Explore distributions of single variables

Exercises developed by Jen Buckley

Now, in this exercise you can start examining variables in the dataset.

You can explore values or distributions of a single variable using univariate descriptive statistics (note: ‘uni’ indicates one). A variable’s level of measurement determines which statistical techniques are appropriate to use. (Note: you can find a Recap: Three levels of measurement at the end of this page).

Learning outcomes

The learning outcomes of this section are:

  • Understand how to obtain frequency tables, measures of central tendency and dispersion.

  • Select methods appropriate for different levels of measurement of data.

Create a frequency table

A frequency table:

  • is a simple way to look at the values of a variable for a nominal or ordinal variable.

  • gives the number of cases in each category; SPSS also provides percentages.

Task: Produce a frequency table for the variable measuring self-rated health

In the SPSS, menus:

  • Select Analyze > Descriptive statistics > Frequencies

This will open the Frequencies Dialogue box.

Here, you need to select the variable you want to analyse by clicking on the variable in the list. Find the variable QHealthr.

Tip - Are you seeing a list of variable names or labels?

You can choose whether to see variable names or labels in dialogue boxes. To change what you see, click on any variable in the list. It is often easier to search variable names.

The output

Once you have selected your variable, click ‘ok’ and SPSS will print the result in a separate ‘output’ file.

Review your results:

What percentage (to the nearest whole number) indicate their health is Very good?

How many missing cases do we have?

About 37 percent

4

Charts and Statistics

In the Frequencies dialogue box, you can select:

  • Statistics: which allows you to calculate the mean, median, mode or others.

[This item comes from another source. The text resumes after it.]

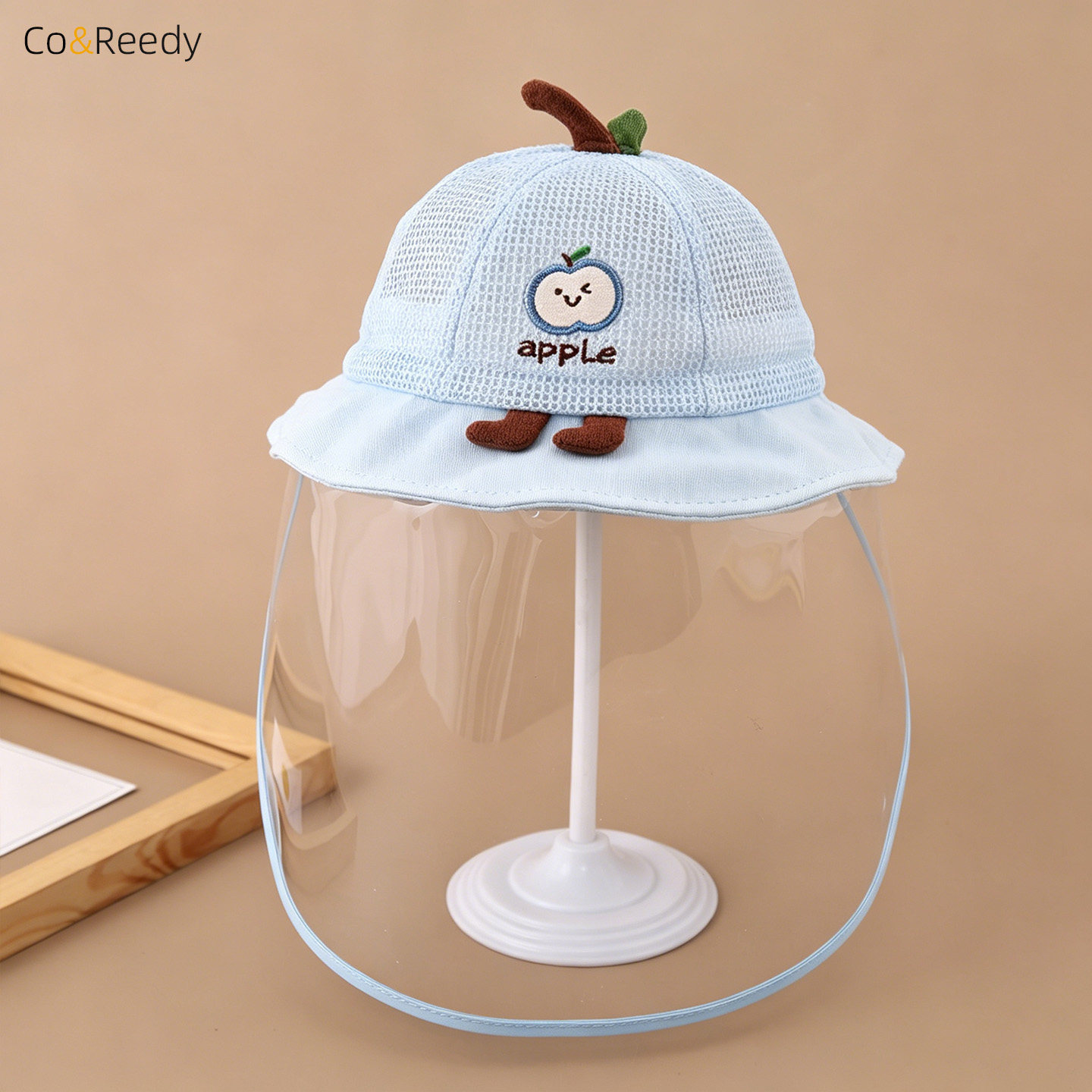 婴儿防飞沫面罩夏季护脸防护帽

  • Charts: which allows you to create bar charts, pie charts or histograms. 

Histogram and descriptive statistics

We are now going to get some descriptive statistics for the variable MCZ_11 ‘Overall, how satisfied are you with your work situation?’

  • Select Analyze > Descriptive statistics > Frequencies

  • Statistics > Mean and Median

  • Charts > Histogram

  • In the main dialogue box, untick ‘Display frequency tables under’ the list of variable names (see picture below)

The variable asks people to score their wellbeing on a scale on 0 to 10. What is the mean score?

Complete the sentence “Half the cases give a value of ___or higher”.

6.48

“Half the cases give a value of 7 or higher”. The variable has a median of 7.

Independent task: explore other variables

Now select another variable to explore using the Frequencies menu.  

Once you have some output, copy a chart or table to a slide. Add a sentence to describe the data.

Can you work out how to improve the appearance of output?

Recap: Three levels of measurement

Categorical variables can be nominal or ordinal:

  • Nominal variables are categorical variables that have no order between values, variables such as gender, ethnicity etc. 

  • Ordinal variables are like categorical variables but there is an order to the categories as one category could be assumed to be higher or lower than another category such as level of educational qualification (e.g. none, high school, post-high-school, university).

Univariate techniques for nominal or ordinal level variables include:

  • tables with the frequency or percentage of cases in each category or level.

  • bar charts

Interval variables (also known as ‘scale’ or ‘continuous’ or ‘cardinal’ variables) are variables where there is an order between each increasing value (e.g. 2 is higher than 1) and the interval between the different points on the scale are of identical size. Common examples include pay (in pounds) or working time (in hours). For example, for time, the gap between 1 hour and 2 hours is 1 hour, as is the gap between 10 hours and 11 hours, thus the intervals are identical across the scale.

Univariate techniques for continuous variables include:

  • histograms,

  • measures of central tendency (e.g. mean, median or mode),

  • and measures of dispersion (e.g. standard deviation, variance, standard error, interquartile range.